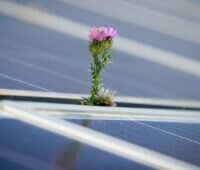 Im Bild eine Distel inmitten von Photovoltaik-Modulen, der Solarpark Alhendín versorgt Velux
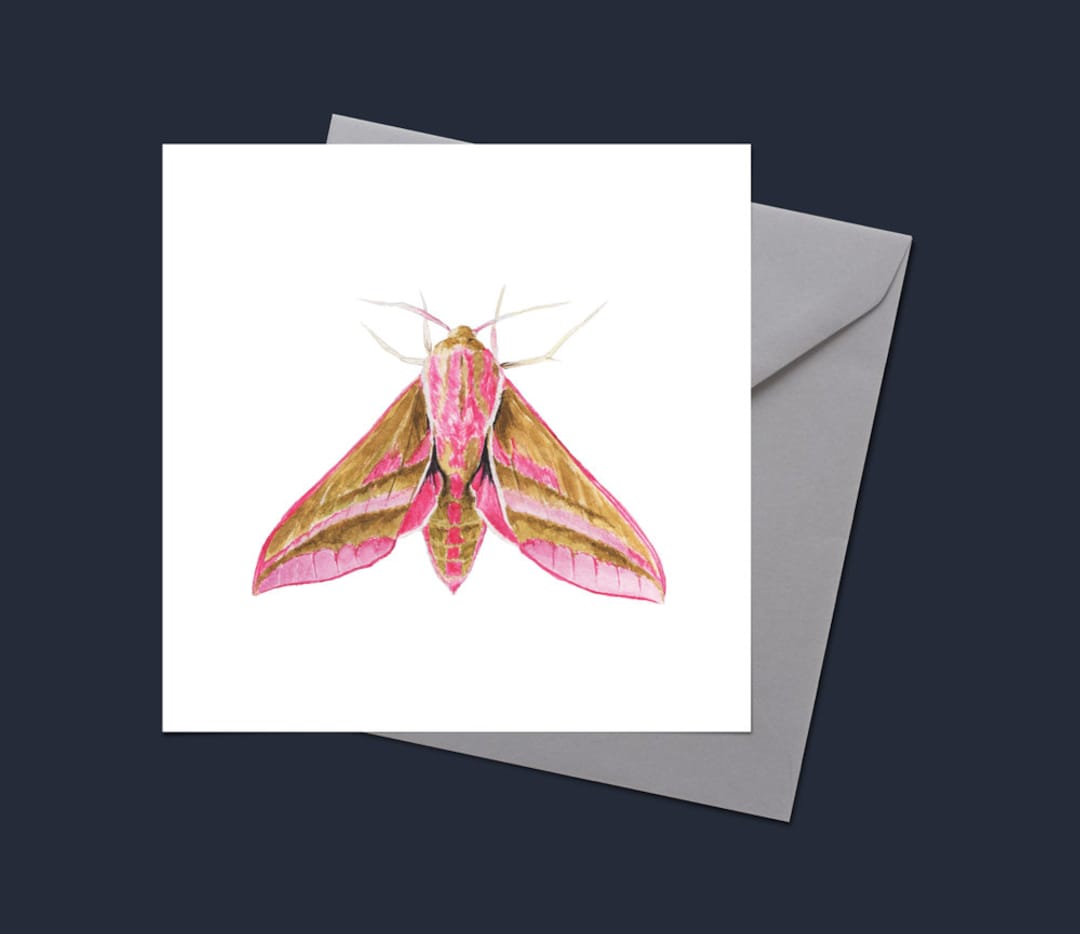 Elephant Hawk Moth Watercolour Painting on Blank Card/notelet - Etsy UK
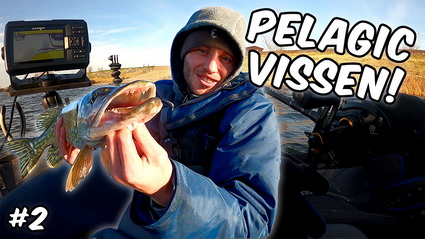 PELAGIC VISSEN OP SNOEKBAARS!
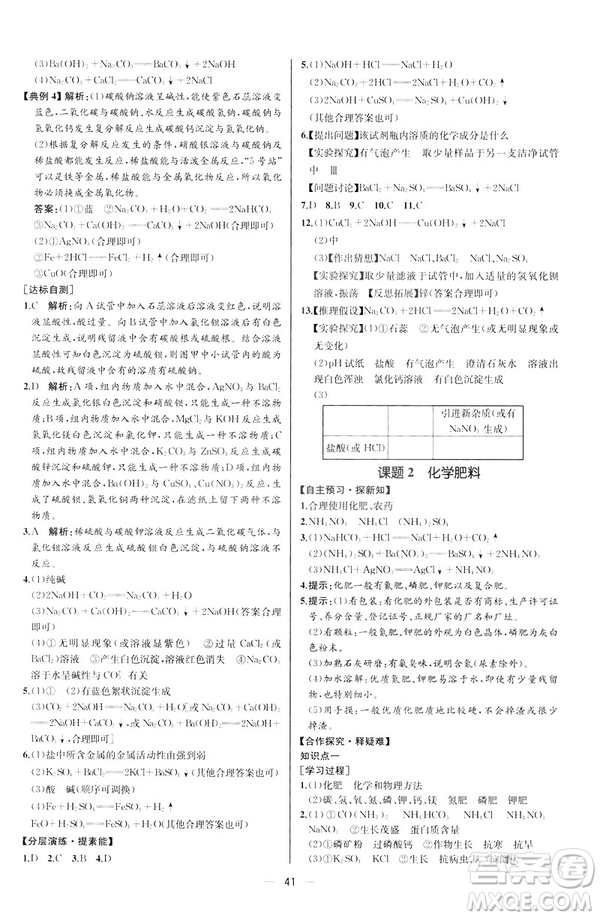 2019人教版初中九年級(jí)下冊(cè)化學(xué)課時(shí)練同步學(xué)歷案河北專版答案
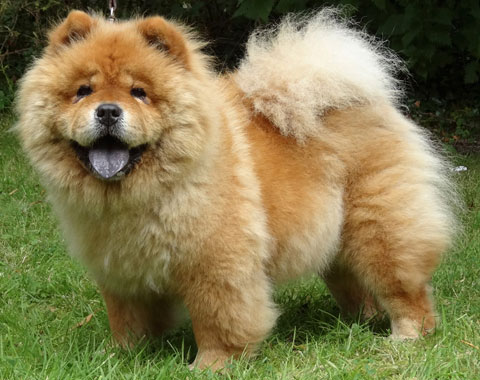 Midland Chow Chow Club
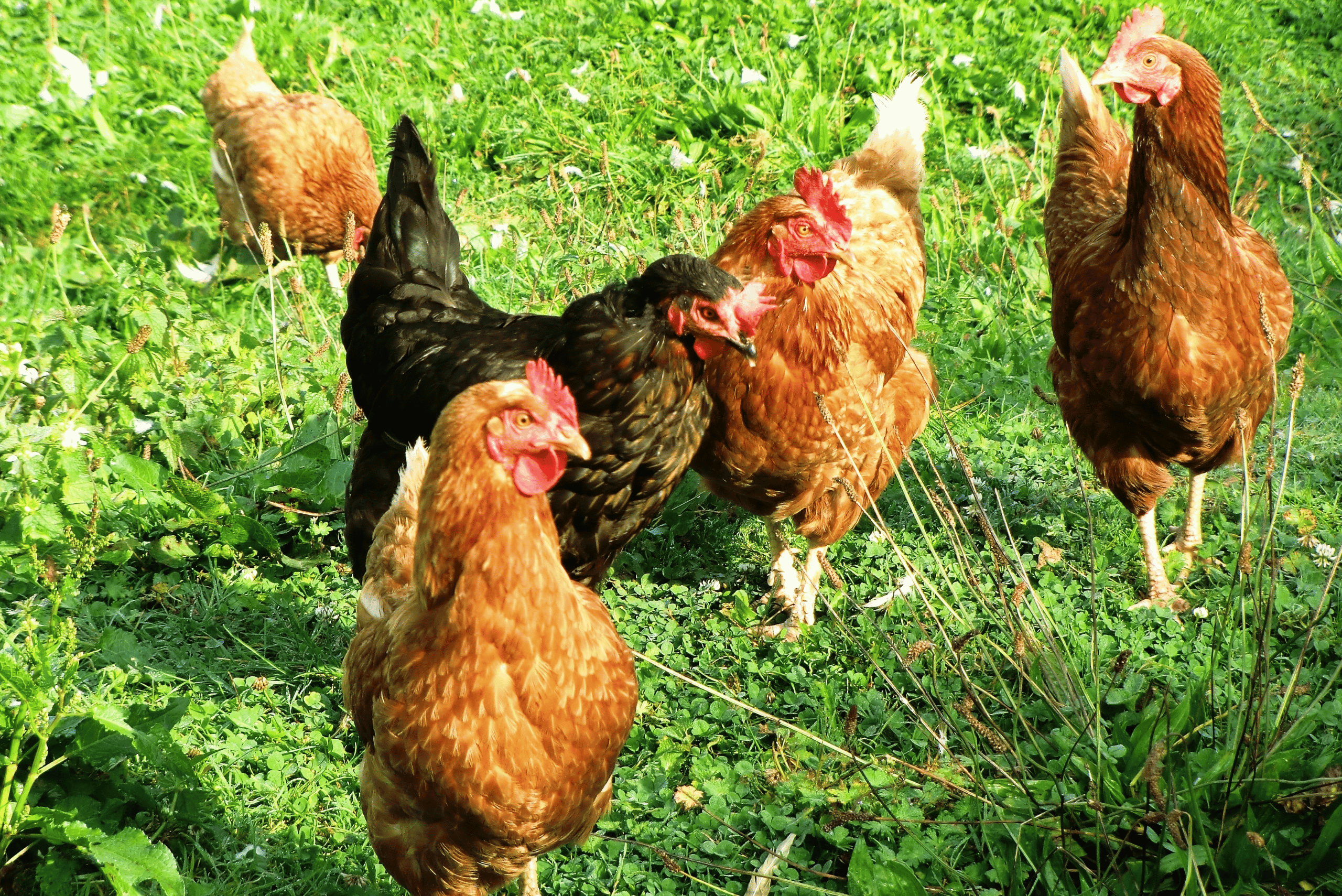 Live Chicken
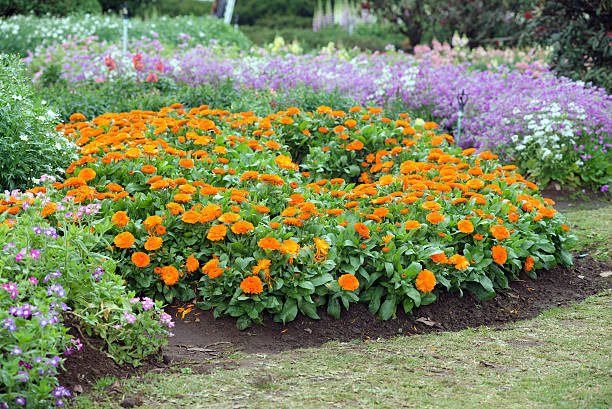 istock Gardening and landscaping 491068858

= = = =

WHAT THIS TASK INVOLVES: Omit the pictures and reproduce the records above exactly.

ANSWER FOR THIS EXERCISE:
 Im Bild eine Distel inmitten von Photovoltaik-Modulen, der Solarpark Alhendín versorgt Velux
 Elephant Hawk Moth Watercolour Painting on Blank Card/notelet - Etsy UK
 PELAGIC VISSEN OP SNOEKBAARS!
 2019人教版初中九年級(jí)下冊(cè)化學(xué)課時(shí)練同步學(xué)歷案河北專版答案
 Midland Chow Chow Club
 Live Chicken
 istock Gardening and landscaping 491068858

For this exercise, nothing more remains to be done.